Et comme si ça suffisait pas, Kubo, dès le début de l'arc, se débarrasse de deux personnages vraiment intéressants et on se coltine encore les Vizards, Fullbringers et autre vice-capitaines qui servent plus à grand-chose (quand il ne leur tombe pas un sabre divin hérité de maman sous la main). Yamamoto passe pour un faible. Il nous sort un putain de Bankai, les planches classes qui vont avec, tout ça pour battre un Stern Ritter et se faire couper en deux comme un quidam par Yhwach. Voilà comment fini le meilleur Shinigami du Seireitei. On aurait pu croire qu'entre lui et la Division 0 y avait peu d'écart, ben pas du tout. C'est un enfant à côté d'adultes. Même tarif pour Unohana. Un combat classe avec Kenpachi mais là aussi, le mal est fait. Changement de personnalité radical, on sait même pas comment elle a fait le cheminement jusque là et pire encore... Cette révélation entraine un nombre d'incohérences assez incroyables. C'est sans doute la plus forte des capitaines derrière Yamamoto. Mais elle crève pour... entrainer Kenpachi. Faire crever un super personnage pour entrainer un faible pour qu'il devienne fort, Kubo s'en est même pas caché, il a jeté Unohana à la poubelle. Et je vois pas trop comment elle a pu ne pas lever le petit doigt pendant tout ce temps. Ichigo envahit le Seireitei sous ses yeux, elle fait rien. Aizen massacre Hitsugaya sous ses yeux, elle fait rien. Elle est au Hueco Mundo puis dans la fausse Karakura, elle fait rien. L'excuse de la soigneuse, c'est beaucoup trop léger. Sous prétexte qu'elle sait soigner, elle ne se frotte pas à Ichigo qui est très faible à côté d'elle voire à Aizen alors qu'il y a urgence et qu'elle est potentiellement plus forte que lui. Ok. Enfin, Ukitake aussi. Il se sacrifie avec une grande scène pour un truc qui dure trente secondes avant de ne plus servir à rien, il n'aura jamais eu un vrai combat et on ne connait pas son Bankai. Quel gâchis ces trois personnages. La fin est brutale, bâclée, mais bon ça a sans doute un lien avec les ventes et l'éditeur.
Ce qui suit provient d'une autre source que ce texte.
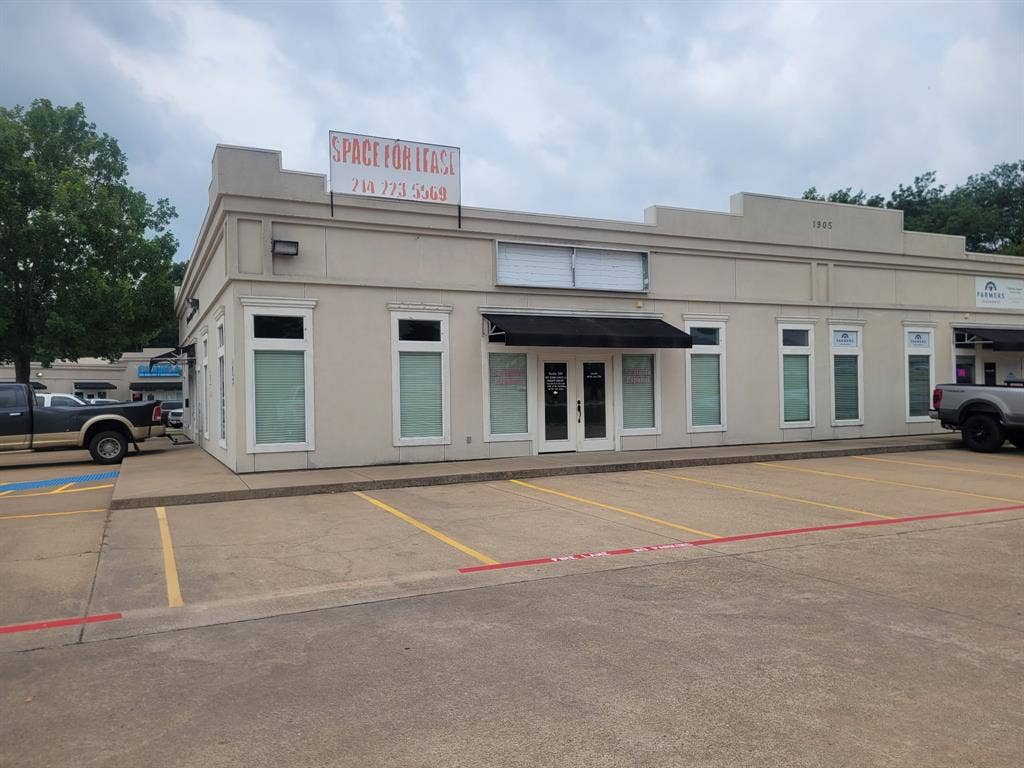 1905 W Ennis Avenue, #301, Ennis, TX 75119 Commercial storefront featuring a recessed entry, prominent black awning, multiple display windows, and a dedicated concrete parking lot with painted space dividers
Malgré ça je préfère retenir le positif avec Bleach. J'ai aimé quand même la majeure partie du manga et Kubo a montré qu'avec du temps, il savait maitriser son intrigue. Le plan d'Aizen, le mini-arc Turn Back the Pendulum, le flashback avec Isshin et Masaki, y a une vraie maitrise dans tout ça. J'espère juste que pour son prochain manga, il évitera le Jump. Je suis curieux de savoir ce qu'il pourrait faire en ayant un peu plus de temps. Pendant 48 tomes, Bleach est pas un bijou d'écriture, mais ça reste quand même bien foutu, avec la dose de combats, de belles planches et de charisme qui va bien dans ce genre de manga.
La vidéo postée plus haut résume bien certaines choses d'ailleurs. Même si je suis pas d'accord pour l'arc Arrancar. Surtout je trouve que c'est limite de la mauvaise foi sur ce que le vidéaste dit sur le dessin de Kubo. C'est très facile de trouver des planches de l'arc SS (et même des pages entières) où y a pas de décors. Surtout qu'il compare une page où les personnages discutent avec un combat. Il suffit de reprendre les pages du combat Ishida contre Mayuri pour voir que dans le traitement des décors, c'est assez similaire mais bon.
J'en profite pour dire que je trouve la critique de Red Slaughterer très juste sur le sujet. Accessoirement elle pose un débat intéressant sur ce qu'est le shônen de combat, surtout par rapport au manga de sport. Mais c'est un autre sujet.